Don't keep indices open forever. Use ILM policies to:

Rollover indices when they hit a size or age threshold
Force merge old indices to reduce segment count
Move to cheaper storage tiers (warm → cold → frozen)
Delete when retention expires

This isn't managed by Ansible (it's runtime Elasticsearch config), but make sure your deployment includes ILM policies from day one.

Slow query logging¶

Enable slow query logs to catch problematic queries before they cause outages. These are index-level settings — apply them via an index template so all new indices inherit them:

curl -k -u elastic:PASSWORD -X PUT https://localhost:9200/_index_template/slowlog-defaults \
  -H 'Content-Type: application/json' -d '{
  "index_patterns": ["*"],
  "priority": 0,
  "template": {
    "settings": {
      "index.search.slowlog.threshold.query.warn": "10s",
      "index.search.slowlog.threshold.query.info": "5s",
      "index.search.slowlog.threshold.fetch.warn": "1s",
      "index.indexing.slowlog.threshold.index.warn": "10s"
    }
  }
}'

Ship slow logs to a monitoring cluster (not the same cluster) via Filebeat.

Security¶

Log all authentication events¶

Enable audit logging to track sign-ins, failures, and privilege escalations:

elasticsearch_extra_config:
  xpack.security.audit.enabled: true
  xpack.security.audit.logfile.events.include:
    - authentication_success
    - authentication_failed
    - access_denied
    - connection_denied
    - tampered_request
    - run_as_denied
    - run_as_granted
  xpack.security.audit.logfile.events.exclude:
    - anonymous_access_denied   # reduce noise from health checks

This writes structured JSON logs to <cluster>_audit.json. The access_granted event is omitted here because it logs every successful API call and generates very high volume. Add it only if you need full access tracing and have the storage for it. At minimum, always include authentication_failed and access_denied — these surface brute-force attempts and misconfigured services.

Ship audit logs to a separate cluster¶

Never store audit logs on the cluster being audited — a compromised cluster could delete its own audit trail:

group_vars/beats.yml

beats_filebeat: true
beats_filebeat_log_inputs:
  es_audit:
    name: es-audit
    paths:
      - /var/log/elasticsearch/*_audit.json
    fields:
      type: audit
      source_cluster: "{{ elasticsearch_cluster_name }}"

Point this Filebeat at a separate monitoring/SIEM cluster.

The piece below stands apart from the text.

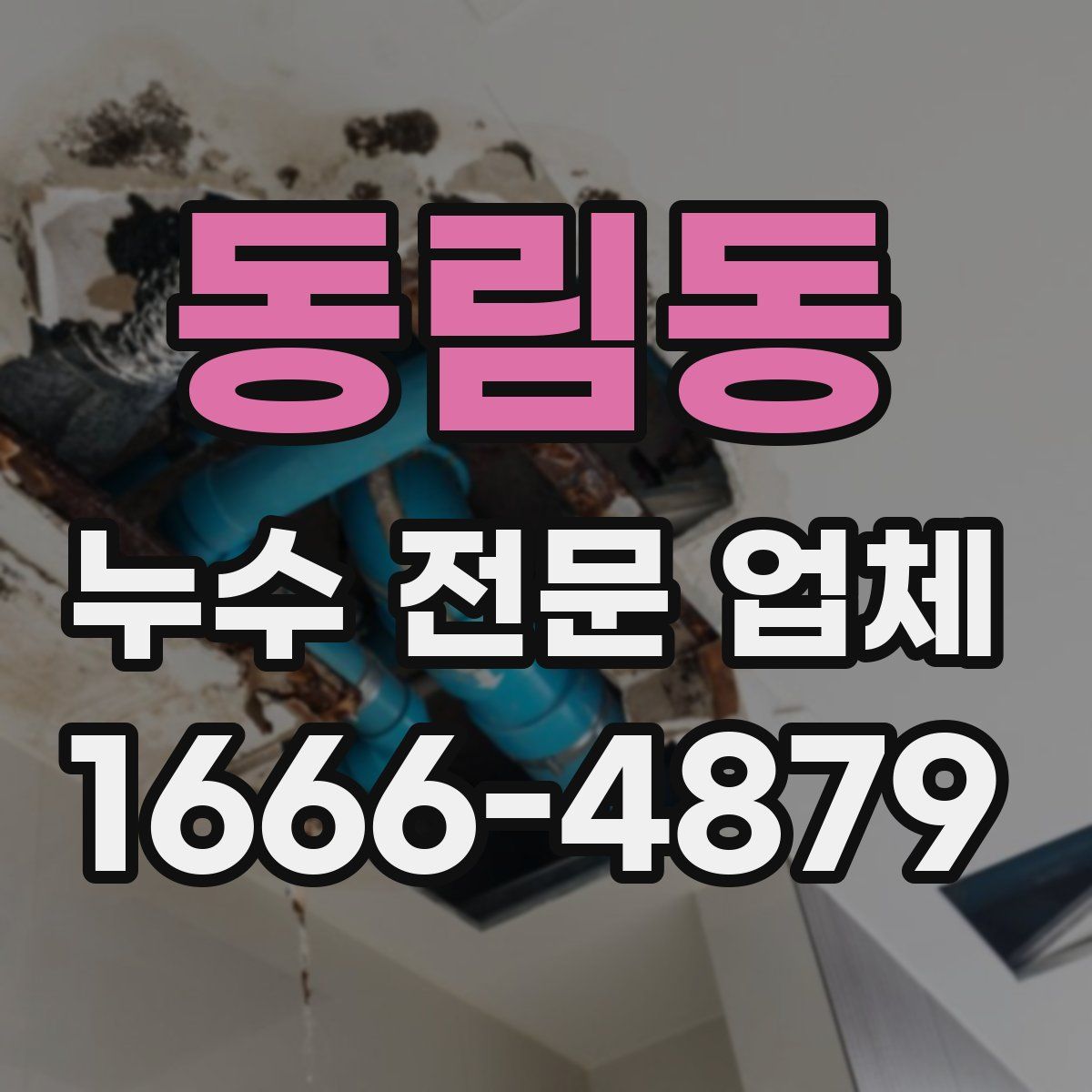 동림동 누수 전문 업체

Rotate the `elastic` superuser password¶

The elastic user has full cluster access. After initial setup:

Create named admin accounts with appropriate roles
Use API keys for applications instead of username/password
Rotate the elastic password and store it in a vault

# Change the elastic password
curl -k -u elastic:OLD_PASSWORD -X POST \
  https://localhost:9200/_security/user/elastic/_password \
  -H 'Content-Type: application/json' \
  -d '{"password": "NEW_PASSWORD"}'

Restrict network exposure¶

Elasticsearch should never be directly accessible from the internet. The role defaults to binding to _site_ (private network interface), which is correct for most deployments. Combine this with firewall rules to restrict port 9200 (HTTP) and 9300 (transport) to known hosts only — Kibana nodes, Logstash nodes, and your admin workstations.

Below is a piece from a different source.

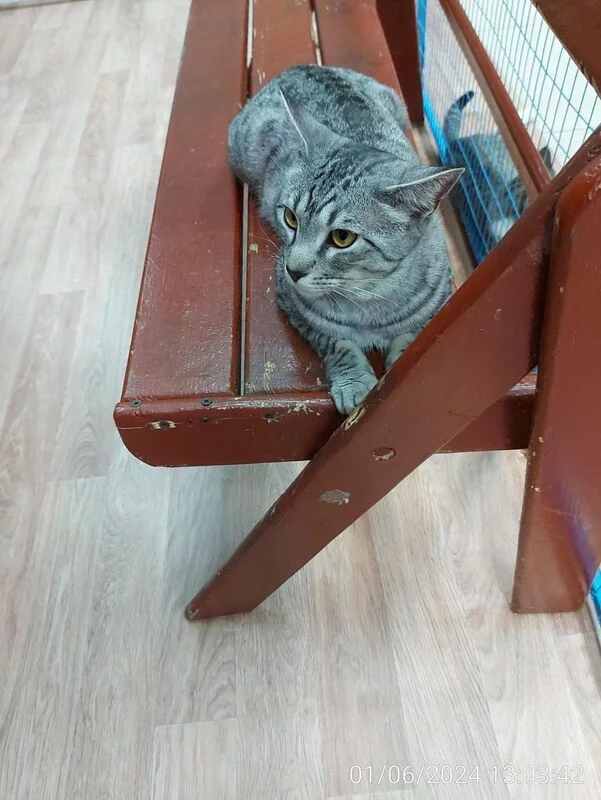 Чайная беседка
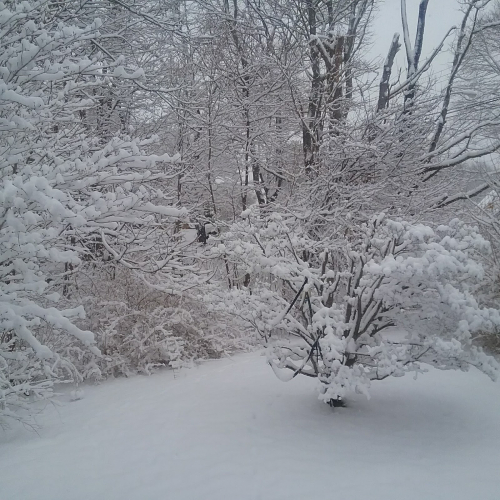 Pawcatuck Photo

For hosts with multiple network interfaces, be explicit:

elasticsearch_extra_config:
  network.host: ["_site_", "_local_"]   # private interface + loopback

Kibana¶

Use a reverse proxy¶

Always put Kibana behind a reverse proxy (Nginx, Caddy, HAProxy) in production:

Terminates TLS with proper certificates (Let's Encrypt, corporate CA)
Adds security headers (HSTS, CSP, X-Frame-Options)
Provides rate limiting and access control
Handles HTTP/2 and compression

See Kibana behind a reverse proxy for a complete nginx example.

Session and encryption keys¶

For multi-instance Kibana deployments, set consistent encryption keys so sessions work across instances:

kibana_extra_config:
  xpack.security.encryptionKey: "{{ vault_kibana_encryption_key }}"       # min 32 chars
  xpack.encryptedSavedObjects.encryptionKey: "{{ vault_kibana_saved_objects_key }}"
  xpack.reporting.encryptionKey: "{{ vault_kibana_reporting_key }}"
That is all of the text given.